*** SUPPLIED MATERIAL ***
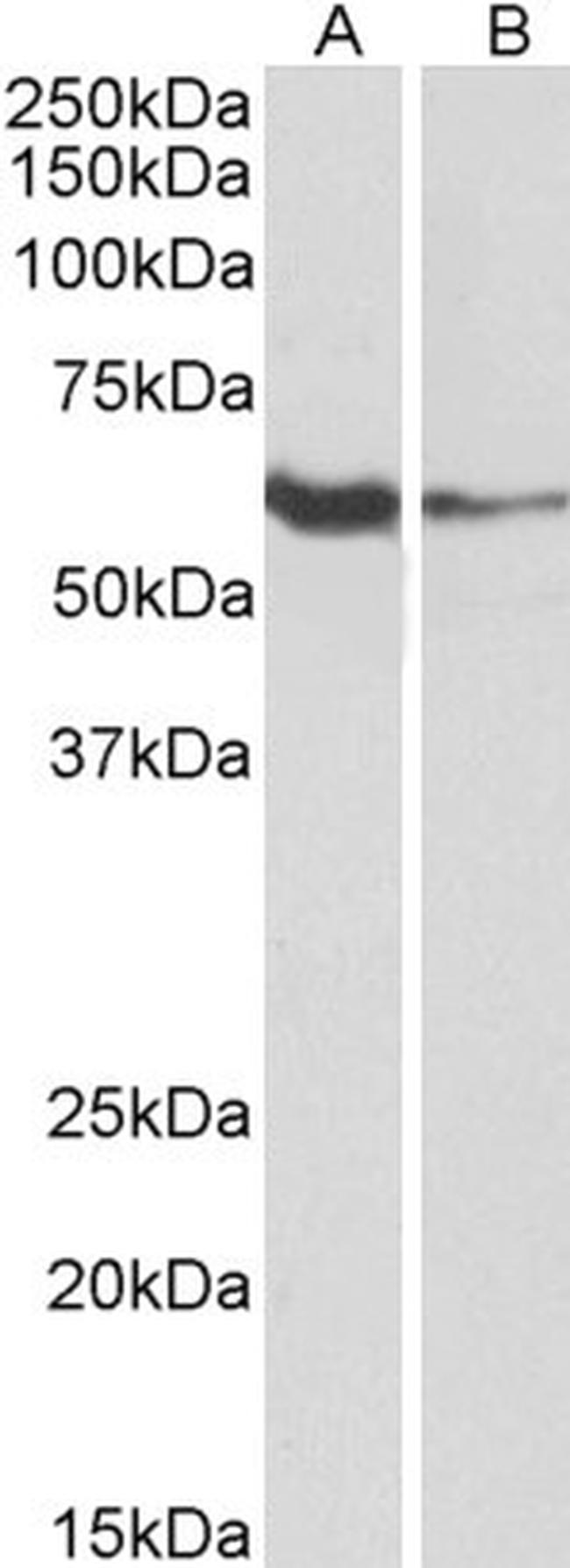 FCRL2 Antibody in Western Blot (WB)
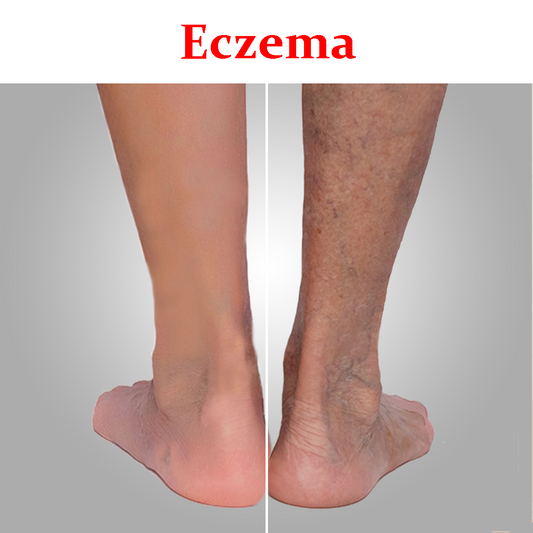 Eczema- Product Box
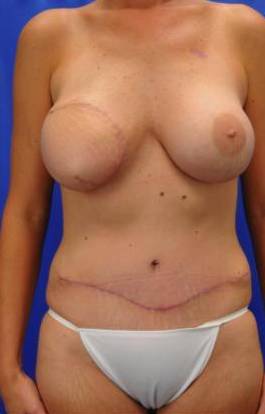 BREAST RECONSTRUCTION WITH YOUR OWN TISSUE: CASE M3 After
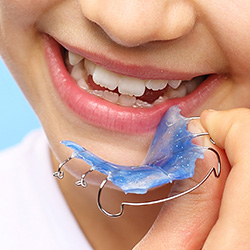Closeup of child placing orthodontic appliance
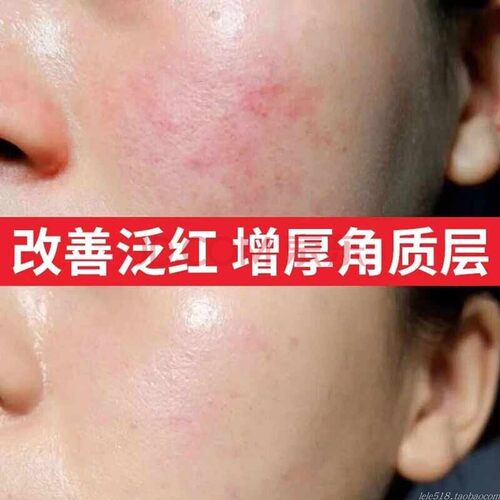 北京邦定美肤霜升级款敏姬赋活美颜修护霜100g柔润型角质层敏感肌 - 图1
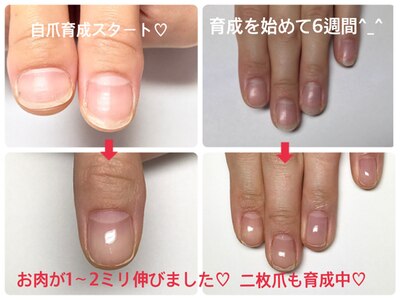 自爪育成でコンプレックスのあるお爪から見せたくなる指先へ♪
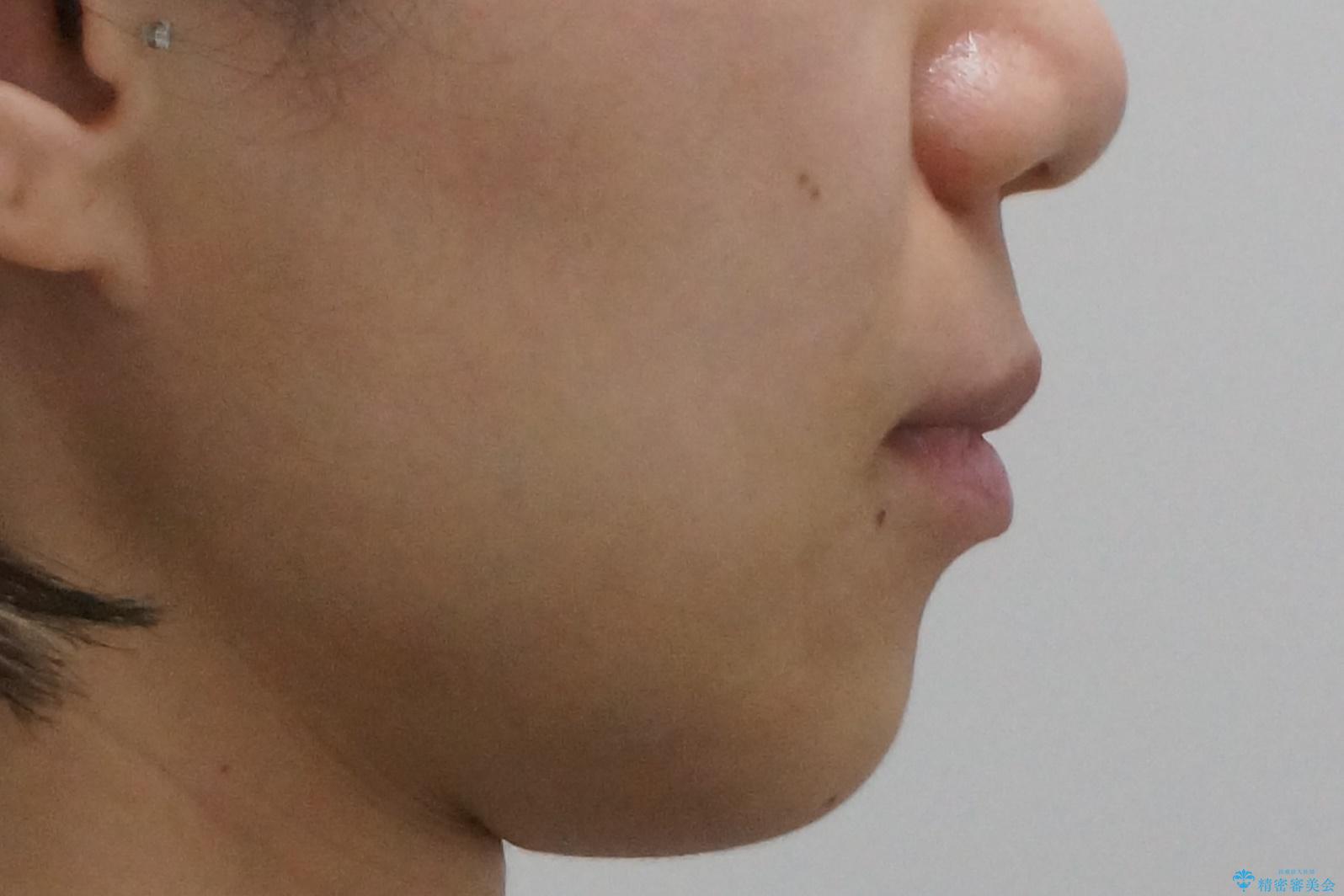 30代女性 前歯のがたつきの治療後(顔貌)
*** End of SUPPLIED MATERIAL ***
> [DIRECTIONS]: Exactly repeat only the lines from the one with "北京邦定美肤霜升级款敏姬赋活美颜修护霜100g柔润型角质层敏感肌 - 图1" to the closing line above, both included, and omit every picture.

> [WRITTEN ANSWER]:
 北京邦定美肤霜升级款敏姬赋活美颜修护霜100g柔润型角质层敏感肌 - 图1
 自爪育成でコンプレックスのあるお爪から見せたくなる指先へ♪
 30代女性 前歯のがたつきの治療後(顔貌)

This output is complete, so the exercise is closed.